10. L’arrêt relève que l’arrêt du 17 mai 2018 a remplacé par un coefficient moindre le coefficient multiplicateur retenu par l’Autorité, au regard de la durée effective de la pratique, a rejeté tous les autres moyens de réformation de la sanction soulevés par les sociétés Umicore et a recalculé le montant de la sanction sur la base de ce coefficient diminué, sans appliquer ensuite la majoration de 10 % relative à la puissance économique du groupe sanctionné, telle qu’elle avait été retenue par la décision de l’Autorité.
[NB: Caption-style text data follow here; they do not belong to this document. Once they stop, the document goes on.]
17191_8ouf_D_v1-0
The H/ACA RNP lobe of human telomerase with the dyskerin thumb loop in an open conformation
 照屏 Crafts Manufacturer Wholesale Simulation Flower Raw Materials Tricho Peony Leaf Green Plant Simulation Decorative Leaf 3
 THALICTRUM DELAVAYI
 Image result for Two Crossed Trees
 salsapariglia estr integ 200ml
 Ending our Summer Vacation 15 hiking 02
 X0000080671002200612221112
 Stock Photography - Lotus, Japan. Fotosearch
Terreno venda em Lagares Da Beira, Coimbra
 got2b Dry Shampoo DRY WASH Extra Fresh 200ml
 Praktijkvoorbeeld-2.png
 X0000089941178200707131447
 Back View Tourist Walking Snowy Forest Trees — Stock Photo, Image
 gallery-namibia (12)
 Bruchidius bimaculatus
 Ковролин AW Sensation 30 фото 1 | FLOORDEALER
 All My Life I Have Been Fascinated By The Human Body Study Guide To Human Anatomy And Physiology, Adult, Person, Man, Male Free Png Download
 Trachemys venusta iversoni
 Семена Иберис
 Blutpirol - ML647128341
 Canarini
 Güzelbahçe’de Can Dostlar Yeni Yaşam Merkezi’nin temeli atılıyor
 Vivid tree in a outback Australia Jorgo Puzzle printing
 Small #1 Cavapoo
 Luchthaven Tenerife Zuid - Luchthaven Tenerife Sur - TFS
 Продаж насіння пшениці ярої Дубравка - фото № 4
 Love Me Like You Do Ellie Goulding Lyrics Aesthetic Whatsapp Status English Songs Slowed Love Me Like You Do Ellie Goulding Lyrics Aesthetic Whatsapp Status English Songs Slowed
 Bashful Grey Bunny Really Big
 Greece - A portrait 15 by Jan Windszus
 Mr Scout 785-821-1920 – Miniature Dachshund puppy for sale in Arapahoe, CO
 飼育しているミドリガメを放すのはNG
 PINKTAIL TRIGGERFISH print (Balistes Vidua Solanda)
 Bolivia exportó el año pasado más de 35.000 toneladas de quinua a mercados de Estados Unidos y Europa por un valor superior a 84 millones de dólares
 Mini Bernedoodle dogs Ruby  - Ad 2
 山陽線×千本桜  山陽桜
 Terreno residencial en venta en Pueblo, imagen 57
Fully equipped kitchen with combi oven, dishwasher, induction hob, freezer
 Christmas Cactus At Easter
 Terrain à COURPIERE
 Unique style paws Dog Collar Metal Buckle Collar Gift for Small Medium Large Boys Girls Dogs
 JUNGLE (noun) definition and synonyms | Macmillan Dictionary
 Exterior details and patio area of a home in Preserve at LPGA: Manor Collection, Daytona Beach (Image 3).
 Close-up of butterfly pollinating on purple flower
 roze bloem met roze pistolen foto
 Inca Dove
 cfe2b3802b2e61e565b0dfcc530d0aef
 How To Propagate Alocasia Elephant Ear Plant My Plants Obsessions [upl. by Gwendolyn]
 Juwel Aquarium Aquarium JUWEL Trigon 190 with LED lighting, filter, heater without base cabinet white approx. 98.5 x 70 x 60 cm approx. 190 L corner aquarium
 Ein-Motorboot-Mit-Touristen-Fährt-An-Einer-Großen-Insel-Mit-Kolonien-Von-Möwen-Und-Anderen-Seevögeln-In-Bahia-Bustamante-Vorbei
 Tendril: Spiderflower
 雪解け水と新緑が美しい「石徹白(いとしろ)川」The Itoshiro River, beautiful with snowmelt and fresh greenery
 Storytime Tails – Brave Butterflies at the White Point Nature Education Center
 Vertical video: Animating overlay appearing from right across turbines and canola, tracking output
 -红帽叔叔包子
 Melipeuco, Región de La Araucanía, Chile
Relevant ensuite que l’influence déterminante de la société Umicore SA sur la société Umicore France n’est pas contestée, l’arrêt ajoute que, sauf à statuer ultra petita, la cour d‘appel est tenue d’appliquer au montant de base de la sanction la majoration de 10 % que les sociétés Umicore ne contestait pas.

11. En l’état de ces énonciations, constatations et appréciations, la cour d’appel, qui, dans l’arrêt rectificatif, n’a pas modifié les règles de calcul de la sanction mais en a corrigé la mise en oeuvre erronée, a exactement retenu que, par cette omission, elle avait commis une erreur, qui n’était pas une erreur de raisonnement ni une erreur d’appréciation mais une erreur matérielle, qu’il convenait de rectifier pour rétablir le montant de la sanction telle qu’elle aurait dû être au regard de la raison et du dossier.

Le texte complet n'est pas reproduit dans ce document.